I profiled the WaitForSingleObjectwhen I wrote the sheduler and it came with a latency arount 1-10ms and my sleep(0) was in the peek 1ms. On Fedora 22 I profiled usleep and got the same behaviour but the pthread signals are much faster compared to WaitForSingleObject.I smell something fishy. I work with code that relies on sub-millisecond responses from inter-thread signals on Windows and it runs just fine across a very large number of users. If you're doing your threading right you can count on the kernel to wake a relevant thread in a few microseconds, not 10ms. It sounds like you mistakenly measured the process quantum, not actual thread context switching. See (anecdotally) here for similar experiences.
I messured the whole time a job take from enqueuing it till it's done and took over a couple of seconds the min and max time.
Which mean the common background noise from other process on the system had influence if they blocked my process.
This is a concurrency smell. Trying to outwit the kernel with thread priorities and core affinities is almost always counterproductive unless you're extremely good.
I never used thread priorities and tried the affinity because I saw it in a couple of sources and it did the job.
This discussion fired me up to take a deeper look into the reason why it had the effect and found some information.
The official optimization guide from AMD(starting at page 351) talks only about NUMA system which mean multiple CPUs and they recommend to use affinity if you run on a no high load system else the system sheduler can do a better over all balancing across all processes and assigned threads.
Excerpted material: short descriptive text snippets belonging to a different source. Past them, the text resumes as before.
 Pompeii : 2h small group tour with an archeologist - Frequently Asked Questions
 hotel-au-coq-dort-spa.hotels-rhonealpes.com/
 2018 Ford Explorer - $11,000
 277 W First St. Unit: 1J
Which means a server with 2 cpus and only running your game benefits from using affinity.
The reason is the polution of the L3 cache and the system sheduler moves threads across cpu's which result in copying memory because the cpus don't share the same memory.
I also found a fresh article about this topic which also explains the reasons of the discovery.
Using affinity on a single cpu with multiple cores works worse if your threads do completly random access or use different code.
If the thread works alsways on the same core then it's more likely that L1-L3 cache is hot and more important all the cpu optimization like commad pipeline, branch prediction, indirect pointer access and so on are kick in.
If you let the system decide to run your threads it will let them run on the core which is free and this pollute the caches and optimization mechanics.
Exactly the same I found in the optimization guide of OpenMP but they recommend to allow the user to set the amount of threads per logical processor and the code assigns the threads by itself. The reason is that different cpus run best with different amount of threads per core at best.
Note that system profiling with Task Manager is bush league at best and probably just flat wrong in the common case. You should be giving evidence with ETW perf counters or similar tools if you want to convince anyone.
I used cpuz to get the core speed, Task Manager to track the "System Idle" and CodeAnalyst IBS to profile my cpu.